SPOKANE, Wash. — The upcoming “Beavis and Butt-Head” revival on Comedy Central has finally given 41-year-old Paul Moreno a topic of conversation to share with his mother during their monthly phone calls, ambivalent relatives confirmed.

“This is perfect. I’ve been trying to call my mom more, but we never really have anything to talk about other than the fact we both own cats. But now I can bring up ‘Beavis and Butt-Head’ since she forbade me from watching it when I was a teenager. Of course, I watched anyway,” said Moreno. “I figure, if there’s a lull in the conversation, I can get her riled up by mentioning the time she wrote a letter to the cable company about how MTV was the work of the devil, and how she blamed the show for the town’s library burning down.”

66-year-old Olga Moreno only vaguely recalled her objections to the show.

“Oh, that was the one where those boys were very rude, right? I never watched it, of course, but I heard there was lots of satanic stuff and black leather, and so much nudity,” explained Mrs. Moreno. “Maybe I was a bit harsh, but parenthood is all about depriving your children of enjoyment — whether it be that Beefis and Buttmunch show, or ‘South Park,’ or ‘WWF’ wrestling. And who can forget that nasty Weather Channel! Some of those low-cut tops on those meteorologists were unseemly.”

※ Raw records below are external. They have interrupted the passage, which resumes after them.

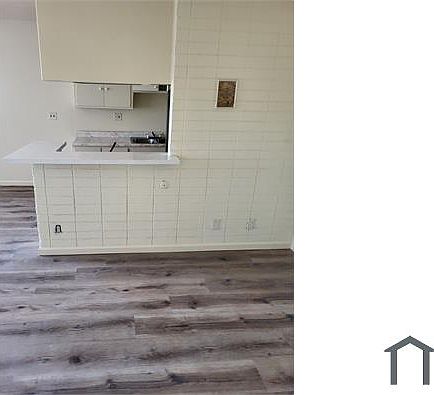 2nd image of 2750 S Sycamore Ave APT 6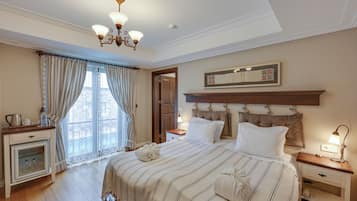 Deluxe Double or Twin Room, Pool View | View from room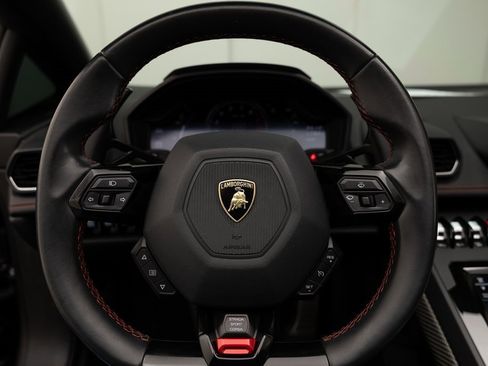 Used 2020 Lamborghini Huracan EVO image 26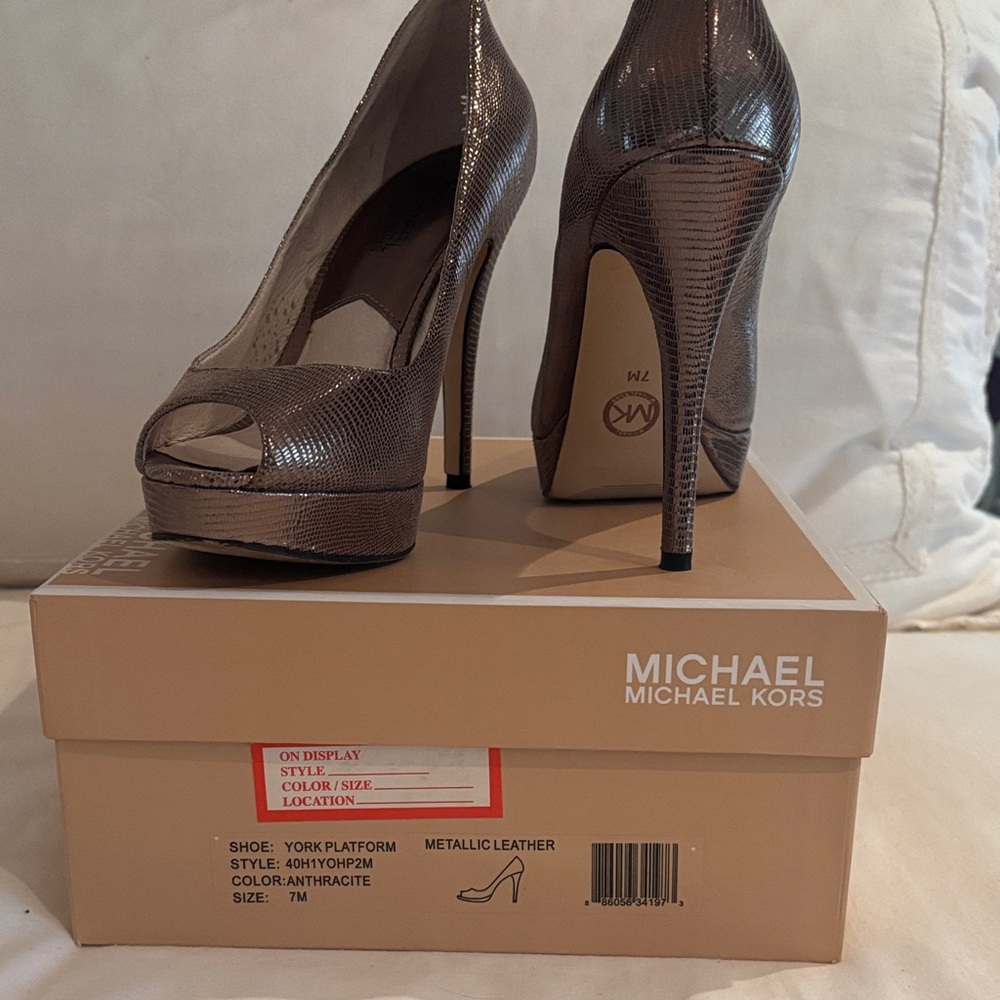 Michael Kors Metallic Anthracite Peep Toe Heels
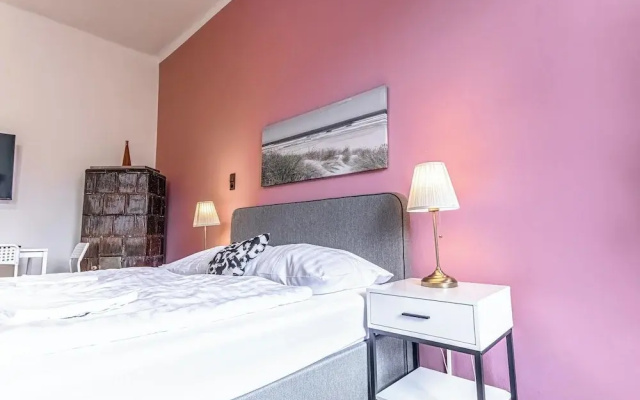 Near AKH Hospital 2 Stylish Apartments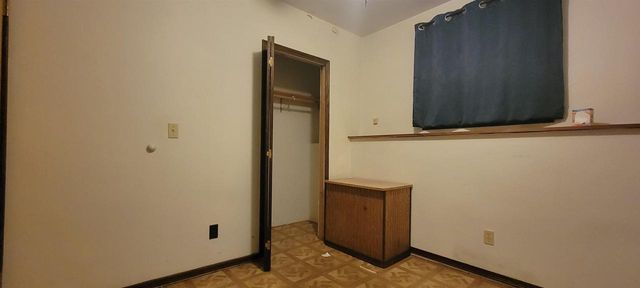 517 MENLO PARK ROAD, Green Bay, WI 54302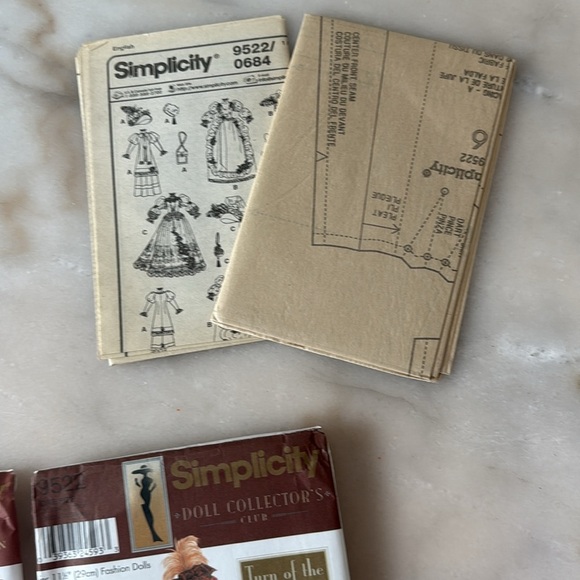 Simplicity 9521 9522 Museum Collection Fashion Clothing Doll 11.5 Dress Pattern - Picture 3 of 8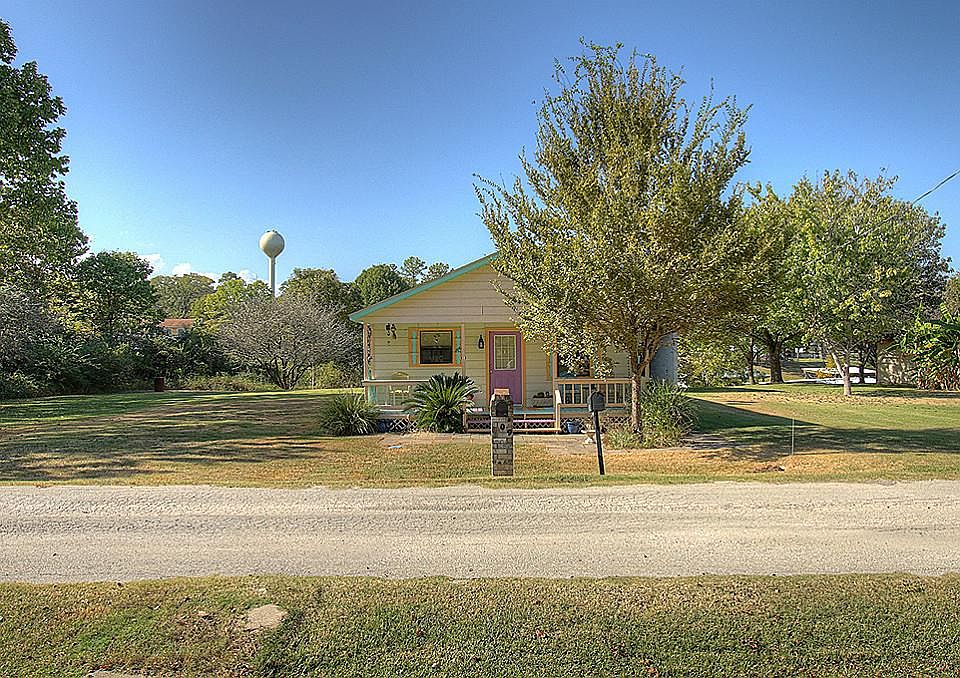 1st image of 195 Harbor View Dr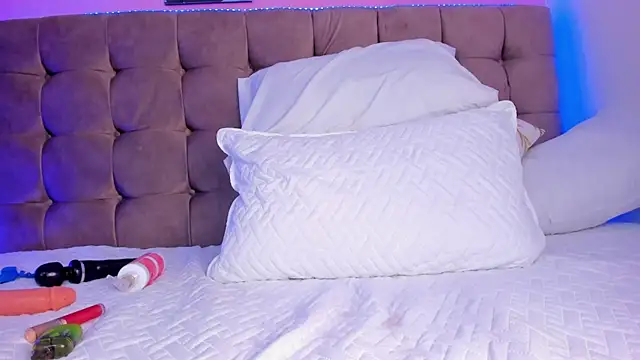 aleja cute  online show from March 13, 6:48 am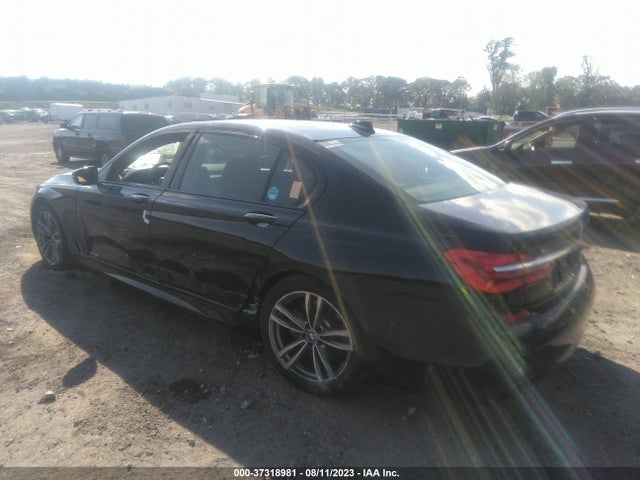 WBA7F2C56KB239055 BMW 7 Series 750i Xdrive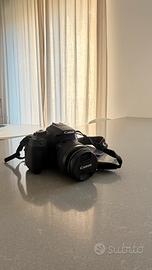 CANON EOS 2000D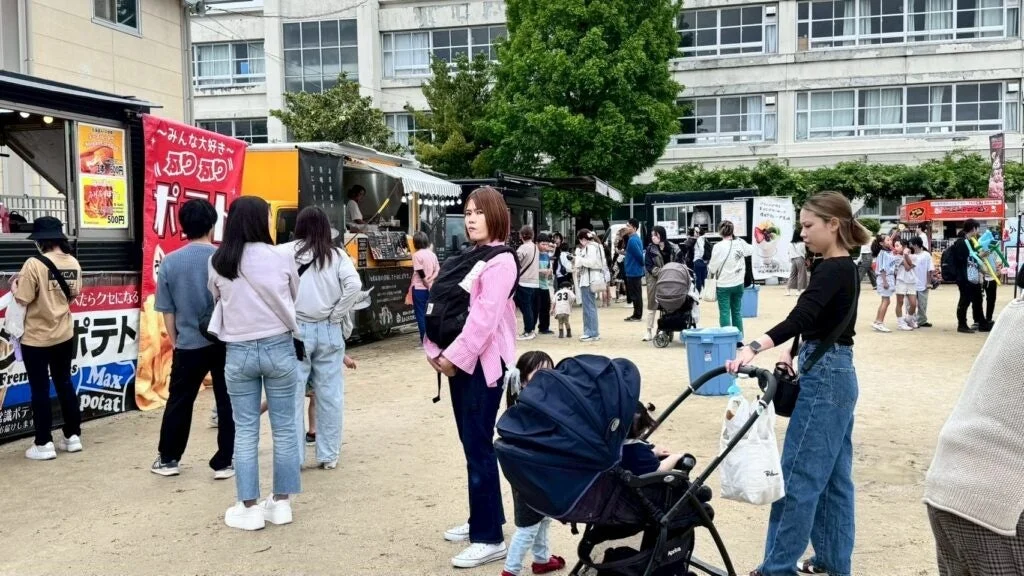 屋外イベントで賑わう家族連れ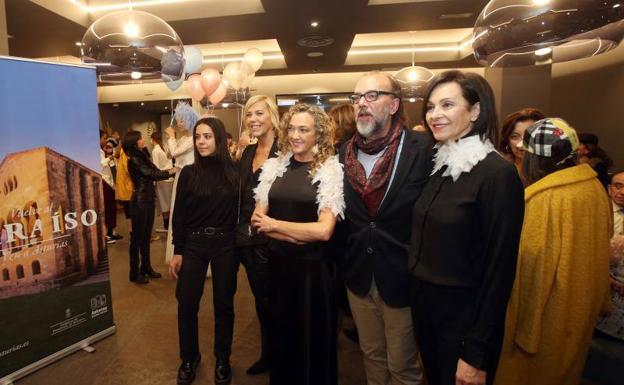 Graciela Suárez junto a Beatriz de Blas, María Argüelles, Josechu Santana y la diseñadora de Elverso (de izquierda a derecha).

Family psychologist Dr. Allison Washington claimed Generation X mother-son relationships often devolve into conversations about what the now-adult children are now free to do.

 

“We found that 65% of long distance conversations, whether it’s by phone or FaceTime, mainly consist of ‘remember when’ discussions,” Washington said. “From the men, it’s about how they weren’t allowed to go to a Toadies concert in 1994, and from their moms, it’s how their son’s hair turned a funny color with Sun-In; former disapproval of eyebrow rings; or how much the flannel they wore smelled like B.O.”

At press time, Moreno was excitedly reading up on the fatalities in the latest “Mortal Kombat” game with the intention of describing them in detail to his mother.